富士宮市に入った。ちょうど昼時だったので、富士宮やきそばをいただくことにする。
富士宮やきそばと言えば、B級グルメの先駆け的存在である。世の中の流れに便乗し消費者に迎合する形で生まれた思想も背景もないB級グルメが多い中で、世間が騒ぐ以前から活気が失われていく地方の現状に危機感を持ち、それまで富士宮で愛されてきたやきそばで地域を興してこられた歴史がある。やきそばは日本のどの地域でも食される庶民的・大衆的な食べ物であるだけに地域の独自性や他地域との差別化を図るのが難しいと思うのだが、そういう厳しい条件の中から富士宮やきそばを全国区にしていった地元の方の歩みには大いに敬服する。
富士宮やきそばがこの地に根付いた要因の一つに、駄菓子店の存在がある。市内の駄菓子店が兼業で鉄板焼をやっていて、学校帰りの子どもたちがおやつ代わりに駄菓子屋のおばちゃんが作るやきそばを食べていたのだ。当然ながら子どもの頃に親しんだ味というのは忘れないから、その子どもが大きくなれば家庭でも作るようになるしさらにその子どもにも食べさせることで故郷の味として定着する。残念ながら今の時代は学校帰りの道草や買い食いにうるさいし、子どもは塾や習い事に追われる可哀想な時代だからこのような文化も徐々に失われつつあるのだろうが、言ってみればB級グルメとして全国の人に愛される富士宮の食文化として確立することこそが新しい時代の富士宮やきそばの在り方に相応しいのかもしれない。富士宮のやきそばは、地元製麺業者が作るコシの強い蒸し麺と地元の食材を使い、肉かすと鰯や鯖の削り粉を使用するのが特徴。数は少ないが今尚存在する駄菓子店のほか、大衆食堂、喫茶店、洋食屋、居酒屋など様々な業態の店で供されている。旅先で食事をする我々としても、その土地に根付いて地元の人に愛され、思想とこだわりをもって仕事をされている店を見極めて利用したいものだ。

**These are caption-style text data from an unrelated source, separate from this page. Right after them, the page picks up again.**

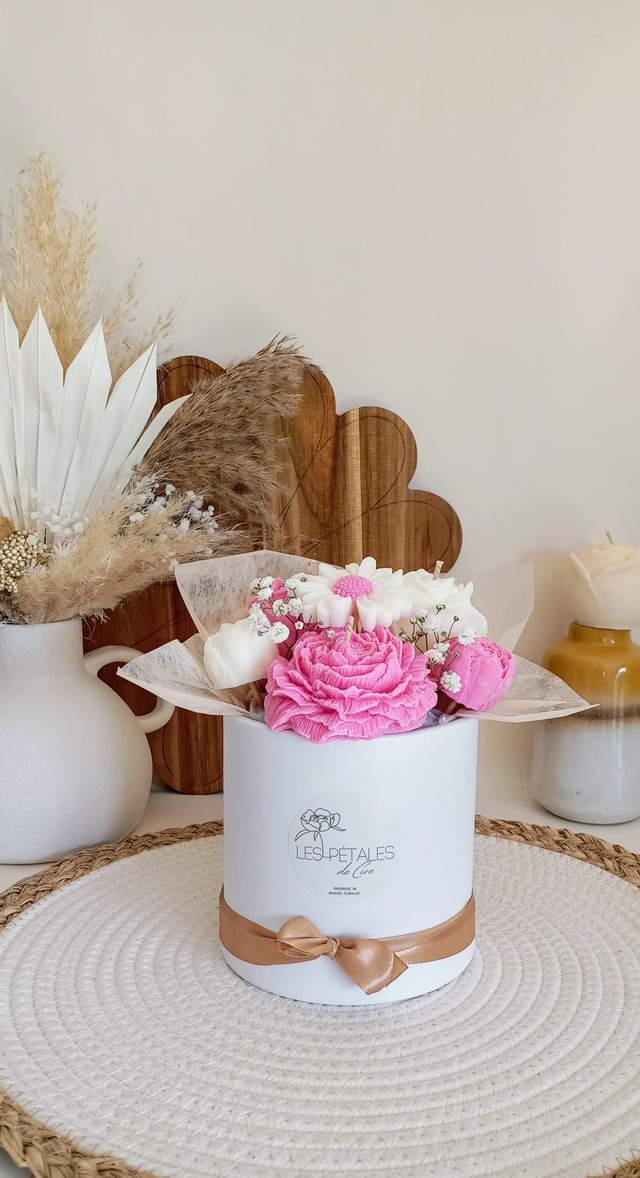 Bouquet de bougies "Eclat de rose"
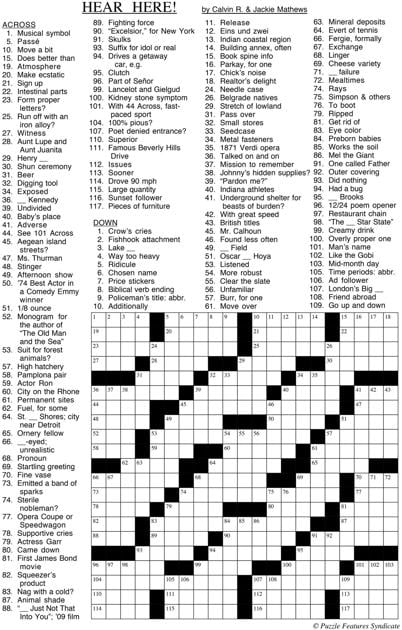 The Suburban Crossword Puzzle Hear Here Fun thesuburban com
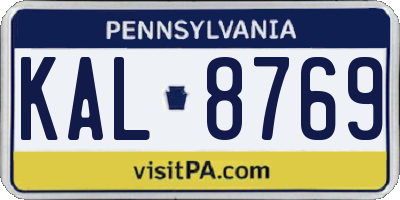 PA license plate KAL8769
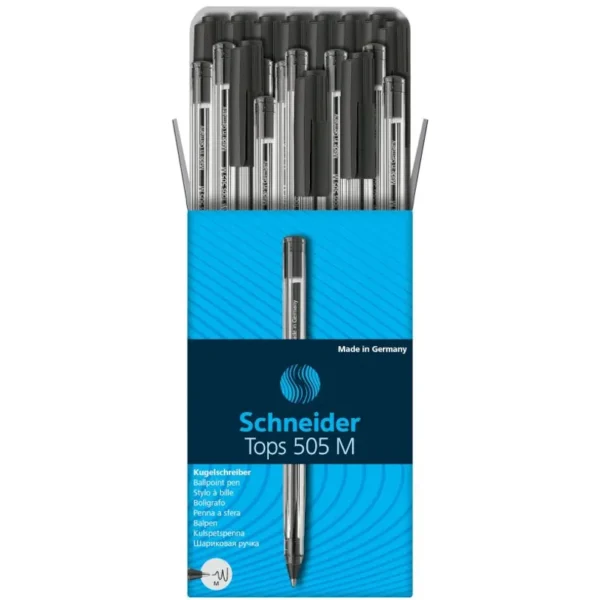 Schneider® TOPS 505 Black Ink Ballpoint Pens-box of 10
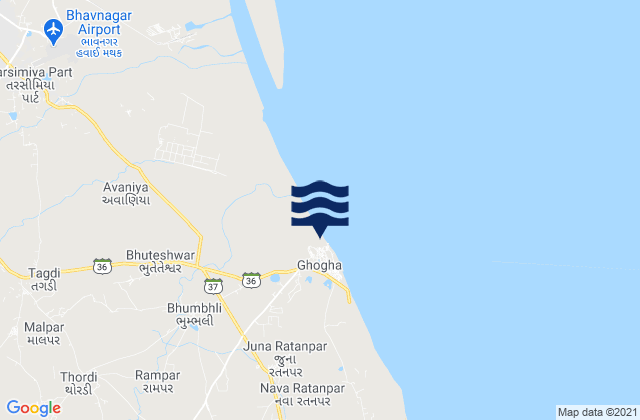 Mappa delle maree di Dahej Bandar, India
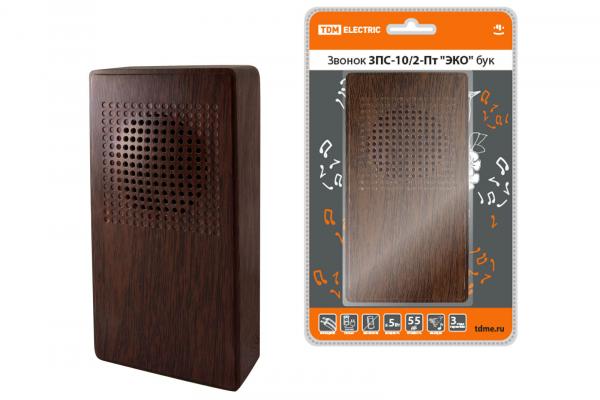 TDM ЭКО Звонок ЗПС-10/2-Пт (проводной без.кнопки,  сеть, "Птичка") Бук SQ1901-0027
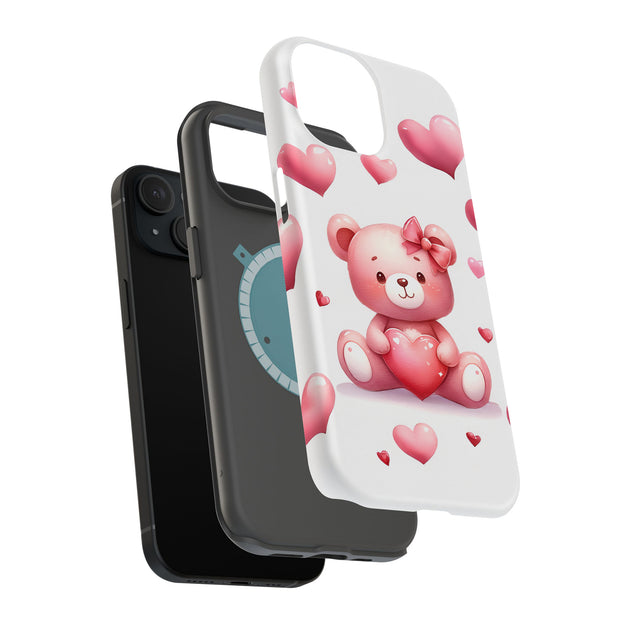 Valentine Bear Tough Cases For Apple iPhone (17, 16, 15, 14, 13, 12, 11, X, SE, 8, 7/ Air, Plus, Pro, Max, Mini, XR, XS), Print in USA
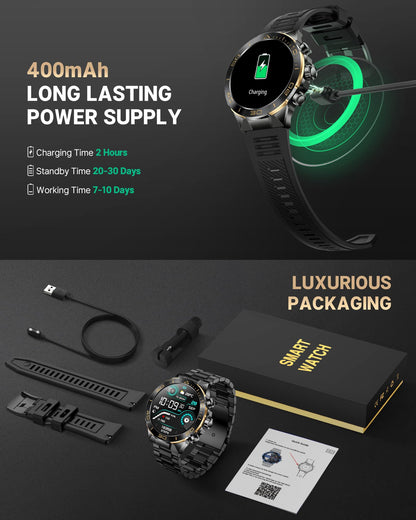 Smart Watch for Men Answer/Make Call for Android iPhone, 1.43" AMOLED HD Screen Mens Luxury Watch, 400mAh Heavy Duty Smartwatch Heart Rate Blood Oxygen Blood Pressure Sleep Monitor Pedometer, 2 Straps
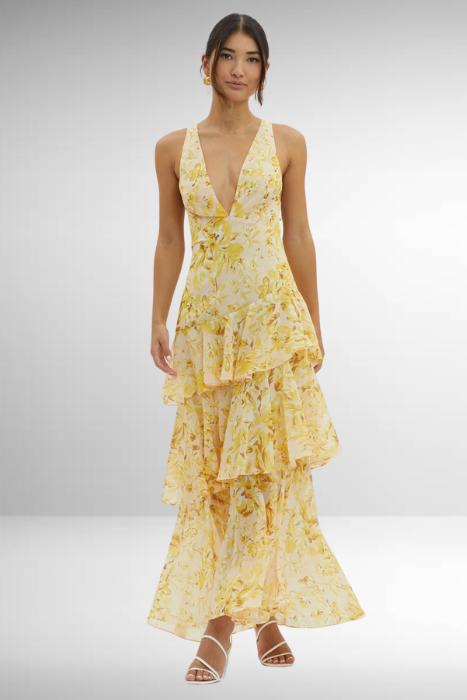 Maria | Women’s Elegant Floral Tiered Maxi Dress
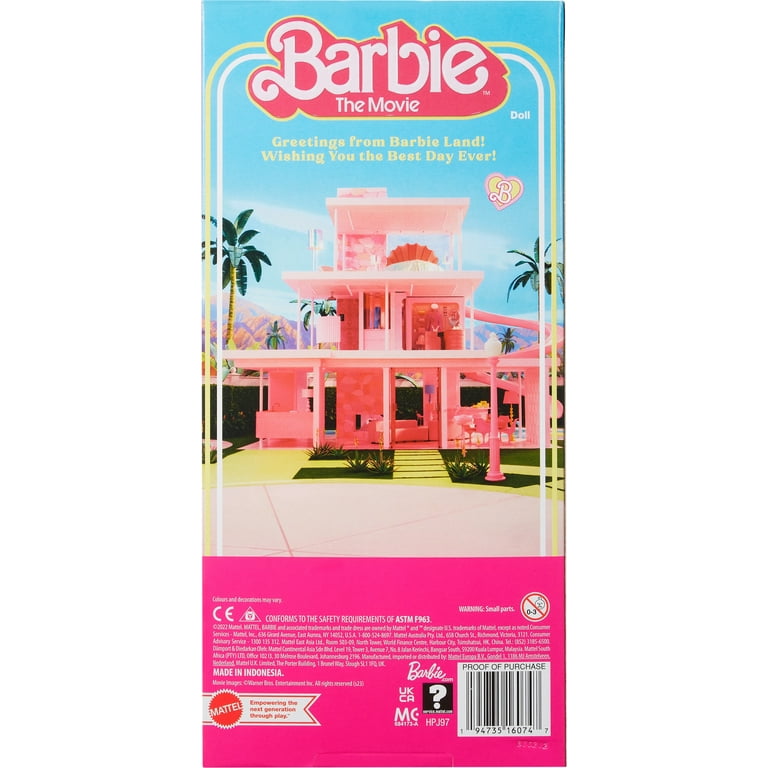  Barbie The Movie Ken Doll Wearing Pastel Pink and Green Striped  Beach Matching Set with Surfboard and White Sneakers : Toys & Games
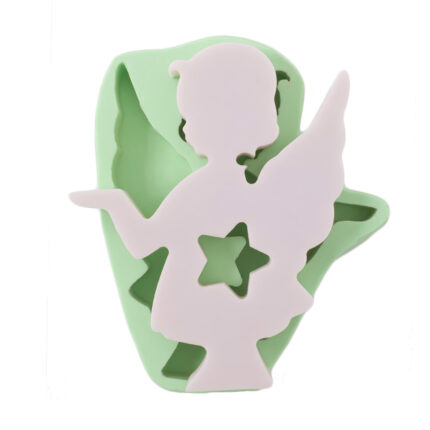 Ayakta duran yıldız detaylı kız biblo silikon kalıp: Kız çocuk figürü ve yıldız detayı olan yeşil silikon kalıp.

ちょうど昼時ということもあり何処も混んでいたのだが、自分の嗅覚を頼りに市内をうろついて入店したのが「さの」という店だ。正確には「大宮小学校裏のさの」。小学校の近くではあるが駄菓子店ではなく、富士宮やきそば専門の食堂だ。見たところ店構えはまだ新しく、一般家屋の一部を改修して食堂にしているようだ。暖簾をくぐると先客が2名。大きな鉄板台を囲んで10名くらいが座れる家庭的な雰囲気が良い。メニューはやきそば、お好み焼、しぐれ焼の3種のみで並か大盛を選ぶ。ちなみにしぐれ焼とはお好み焼の上に富士宮やきそばを乗せる言わば広島焼の逆転版のような食べ物で、「しぐれ焼こそが富士宮やきそばだ!」という意見もあるようだが、初心者の私は手堅くやきそば(並)を選択。


目の前でおばちゃんが手際よくやきそばを焼いてくれる。お客との距離が近いので自然と会話もうまれ、東京のほうから原付でここまで来たという話をしたらたいそう驚かれた。供された富士宮やきそばは噂どおりのコシが強く、噛み応えがあって一般的なやきそばとの違いが際立つ。上に乗った目玉焼きを崩し、削り節と混ぜて食せばまた違った味が楽しめる。まぁやきそばなので騒ぎ立てる程の逸品ではないが、普通に美味しく昼飯にはちょうどよい。私は広島焼の文化圏で育った人間なので、しぐれ焼にしておけばよかったという若干の後悔を抱えながら店を後にした。


ちなみに、富士宮市内には「佐野」という姓が飛び抜けて多く、ここにたどり着くまでにも「佐野美容室」や「佐野クリニック」があった。この店にとって厄介なのは同じく富士宮やきそばを出す「さの食堂」という同業者が存在することで、混同を避けるためわざわざ「大宮小学校裏のさの」と名乗って区別しているそうだ。